Secondo decennio Anni 2000: Sud America e nozze con Essilor

Il secondo decennio si apre con l’ingresso in Sud America. A partire dal retail, acquisendo la proprietaria di Gmo, tra i principali negozi di ottica in Cile, Perù, Ecuador e Colombia. Poi tocca al Brasile: Del Vecchio compra Tecnol. In Europa l’espansione prosegue in Spagna e Portogallo dove introduce il marchio Sunglass Hut. Luxottica flirta con la Francia e arriva l’acquisizione di Alain Mikli International, del settore lusso.

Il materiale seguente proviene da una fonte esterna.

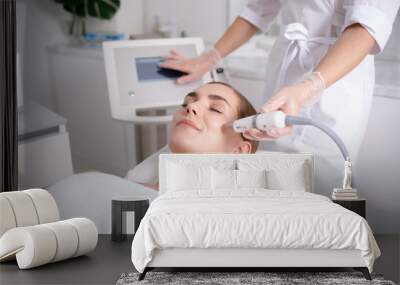 Side view of happy young woman getting cavitation rejuvenating skin treatment at spa. She is lying on massage table and smiling. Beautician is touching monitor screen while holding tool near female Wall mural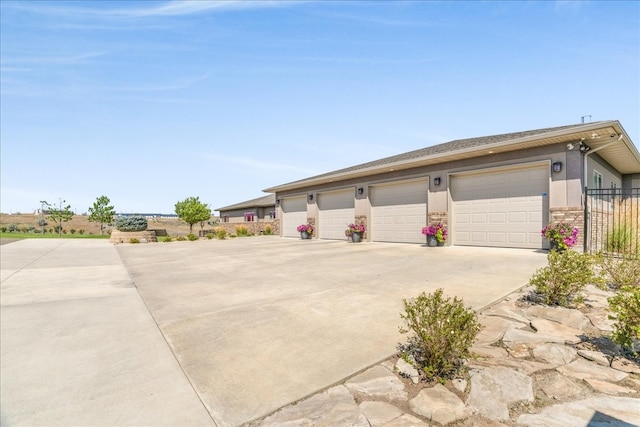 ranch-style house featuring a garage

Nel 2015 anche l’americana Michael Kors entra nella famiglia. Un anno dopo aver preso il controllo di Salmoiraghi e Viganò, nel 2017 arrivano le nozze con Essilor, società transalpina, non prima di aver detto addio al Nyse. Nasce una nuova holding, EssilorLuxottica, leader mondiale nella progettazione, produzione e distribuzione di lenti oftalmiche, occhiali da vista e da sole.

Da Piazza Affari a Parigi. GrandVision e Meta gli ultimi accordi

Il matrimonio con la Francia comporta l’addio a Piazza Affari. EssiLux sbarca sul listino di Euronext di Parigi. Del Vecchio mantiene la maggioranza del gruppo e lo affida a Francesco Milleri, amico e manager di fiducia.

Dopo l’accordo con Metaverse e l’incontro con Mark Zuckerberg nel 2019 per gli smart glasses, l’ultima acquisizione riguarda ancora il retail, verso la fine di maggio 2022. Luxottica rileva GrandVision, trattativa avviata nel corso della pandemia, che ne ha rallentato l’operazione.